[[ Excerpted data, beginning ]]
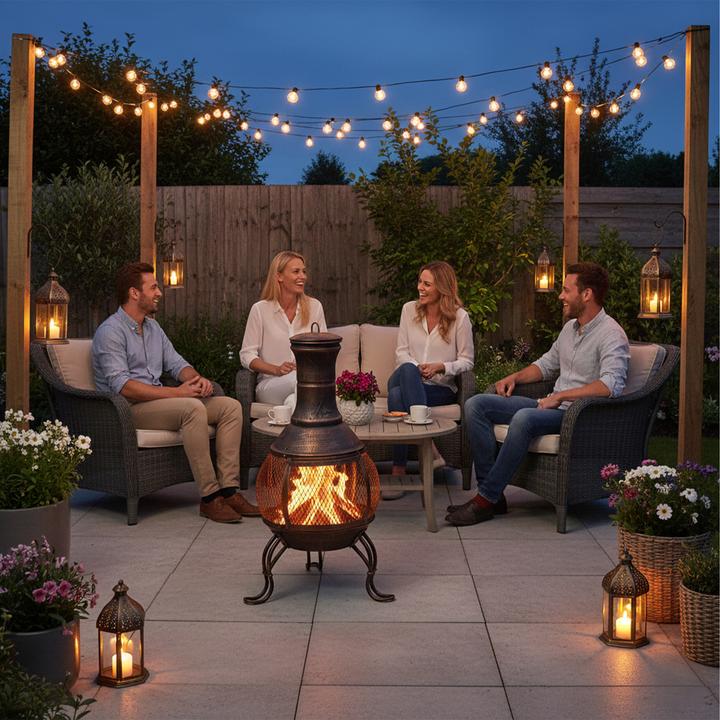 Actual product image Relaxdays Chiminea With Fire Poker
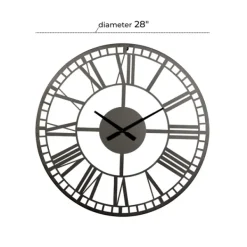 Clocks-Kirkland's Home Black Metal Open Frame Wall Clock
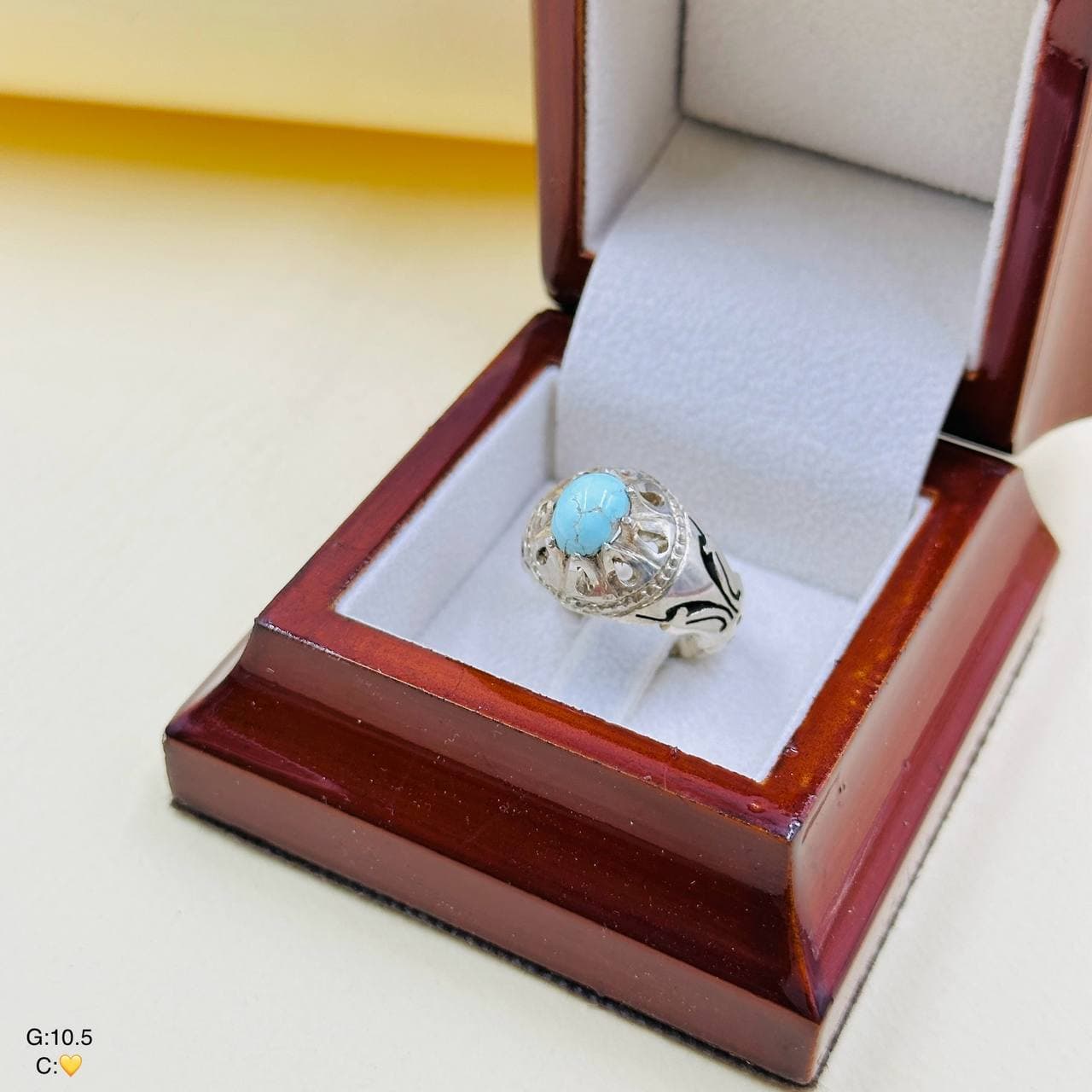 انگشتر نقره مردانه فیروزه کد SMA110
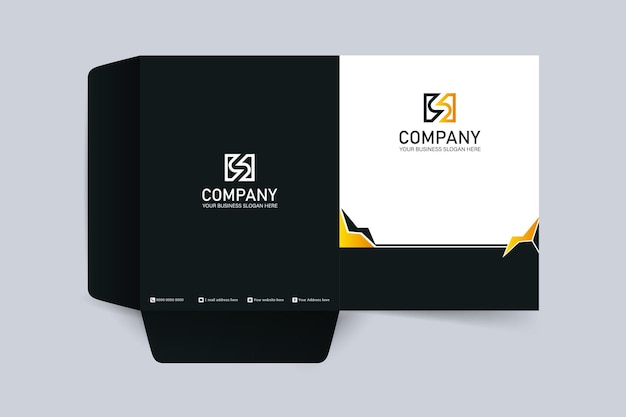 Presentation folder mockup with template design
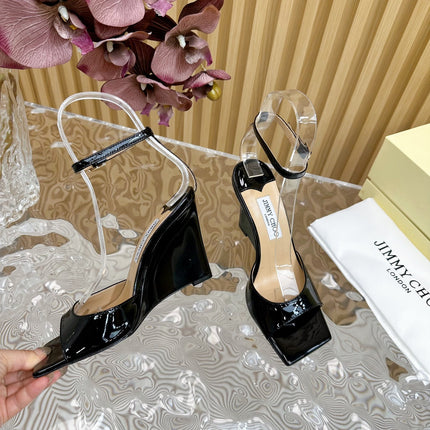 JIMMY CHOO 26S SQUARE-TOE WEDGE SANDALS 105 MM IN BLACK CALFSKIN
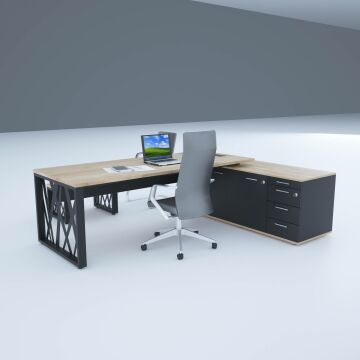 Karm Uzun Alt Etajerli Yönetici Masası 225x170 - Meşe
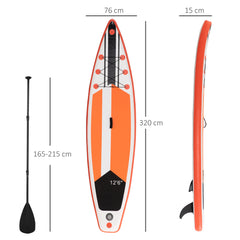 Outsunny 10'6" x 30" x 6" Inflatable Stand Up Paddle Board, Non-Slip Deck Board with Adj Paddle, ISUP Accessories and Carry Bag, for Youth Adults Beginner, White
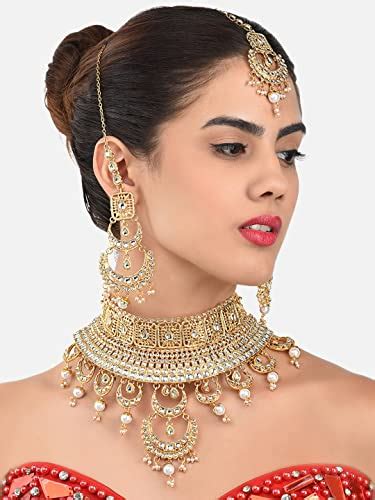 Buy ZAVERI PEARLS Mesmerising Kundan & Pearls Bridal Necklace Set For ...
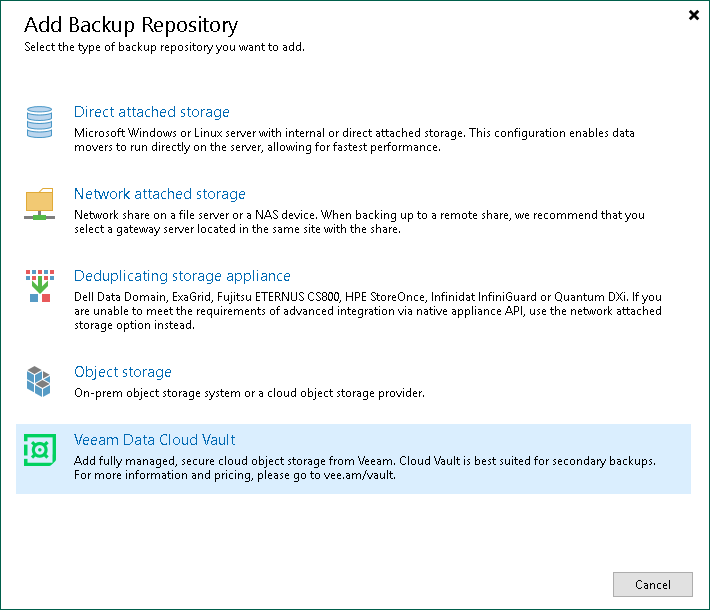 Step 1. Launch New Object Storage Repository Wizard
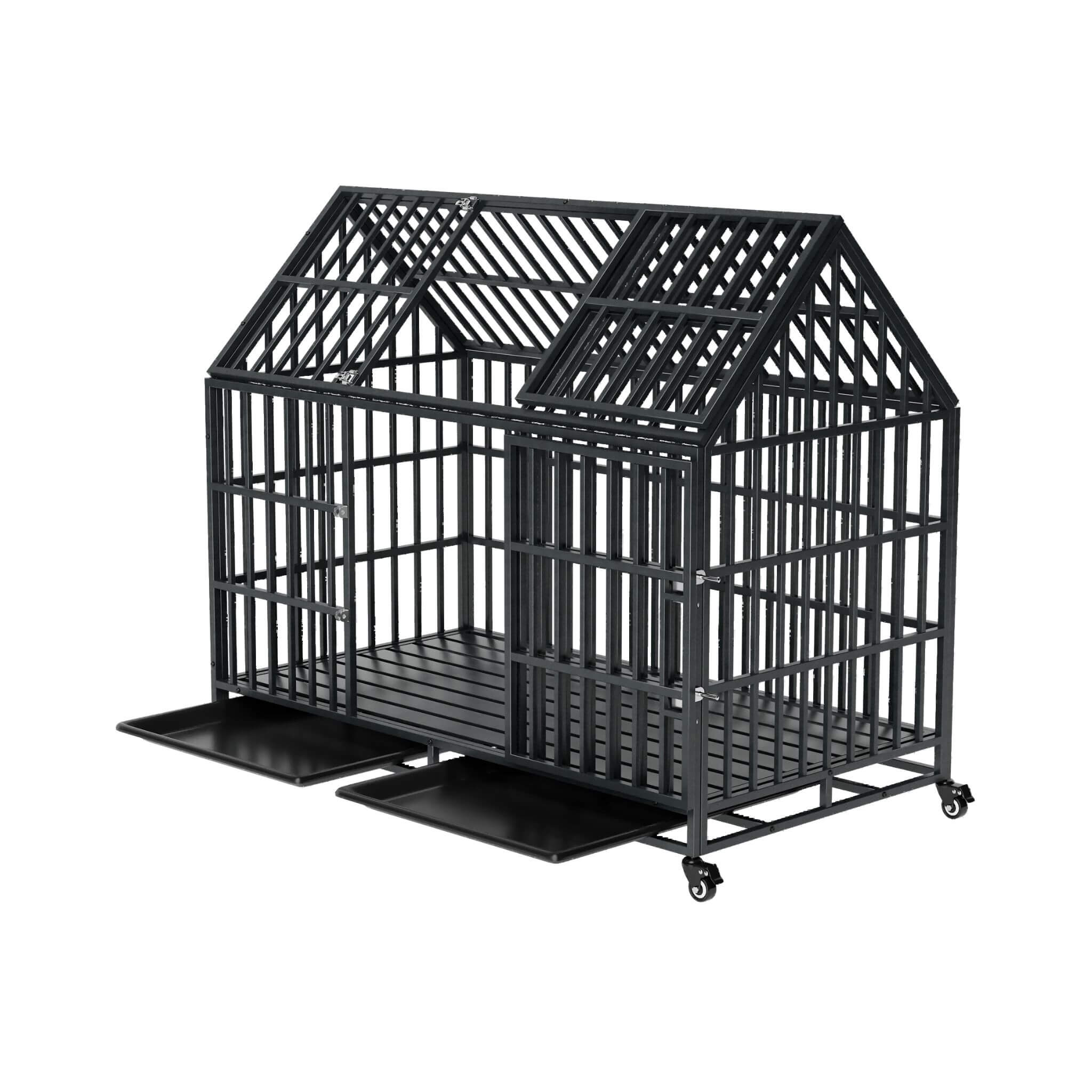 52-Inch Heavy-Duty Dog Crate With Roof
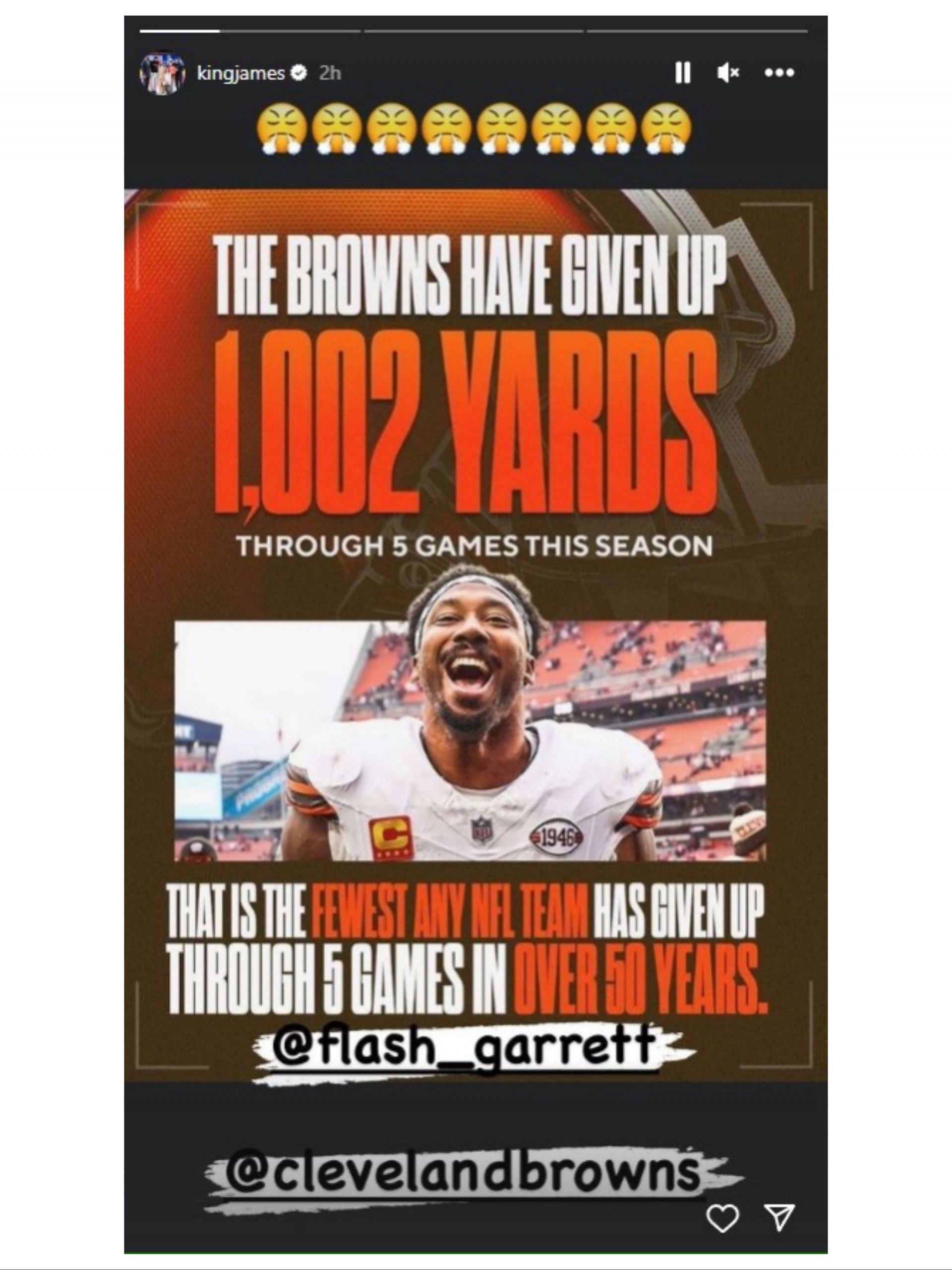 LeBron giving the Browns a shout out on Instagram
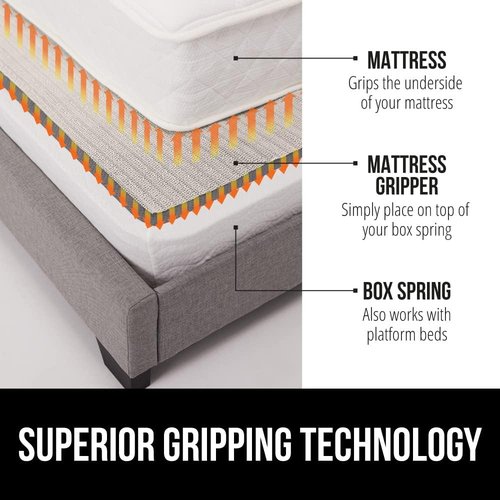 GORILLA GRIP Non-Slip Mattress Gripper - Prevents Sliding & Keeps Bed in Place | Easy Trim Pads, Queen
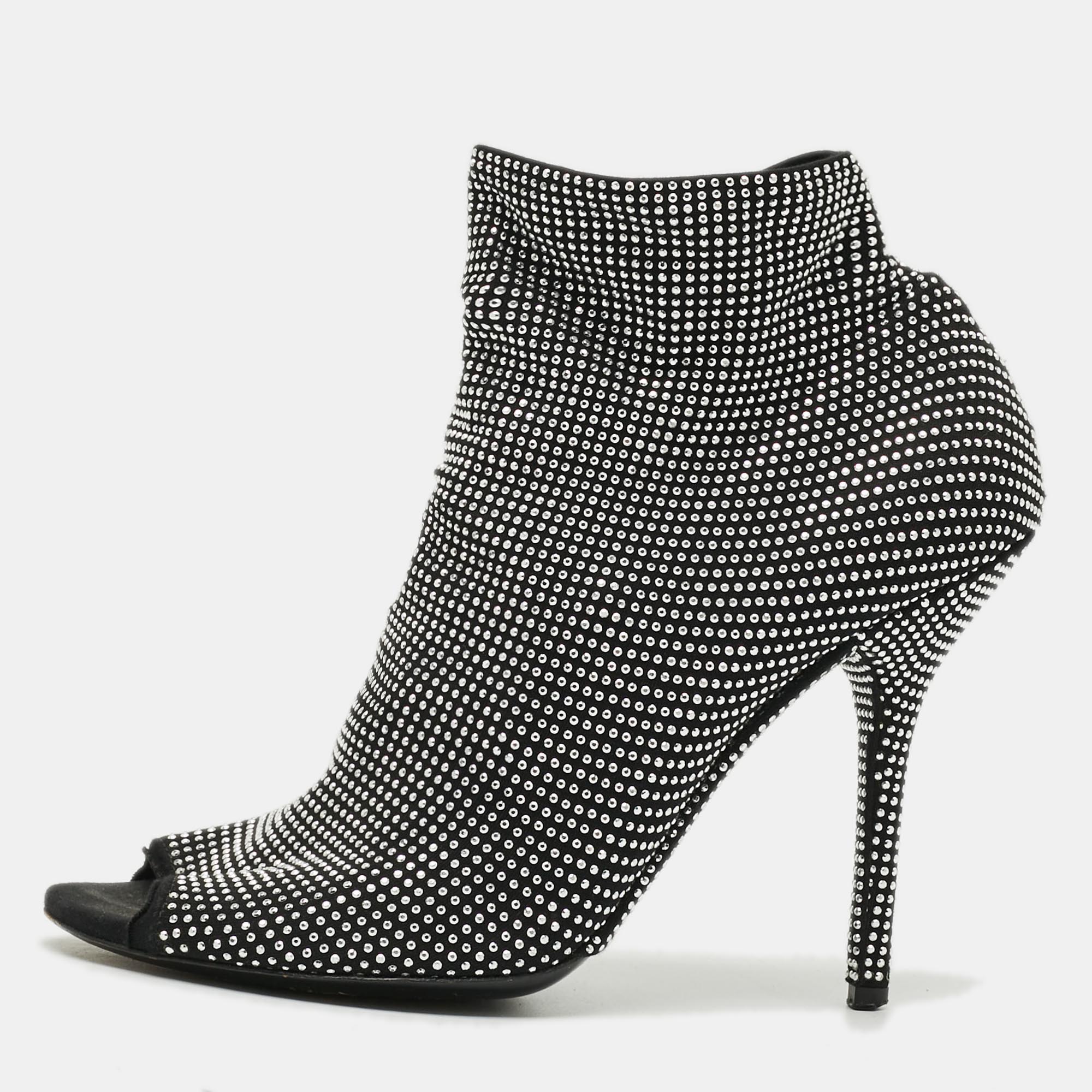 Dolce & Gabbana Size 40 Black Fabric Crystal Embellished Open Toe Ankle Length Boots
[[ Excerpted data, end ]]
» Your instructions:
Starting at the line where "GORILLA GRIP Non-Slip" appears, restate every line through the end of the records above exactly, but omit the pictures.

» Output for this task:
 GORILLA GRIP Non-Slip Mattress Gripper - Prevents Sliding & Keeps Bed in Place | Easy Trim Pads, Queen
 Dolce & Gabbana Size 40 Black Fabric Crystal Embellished Open Toe Ankle Length Boots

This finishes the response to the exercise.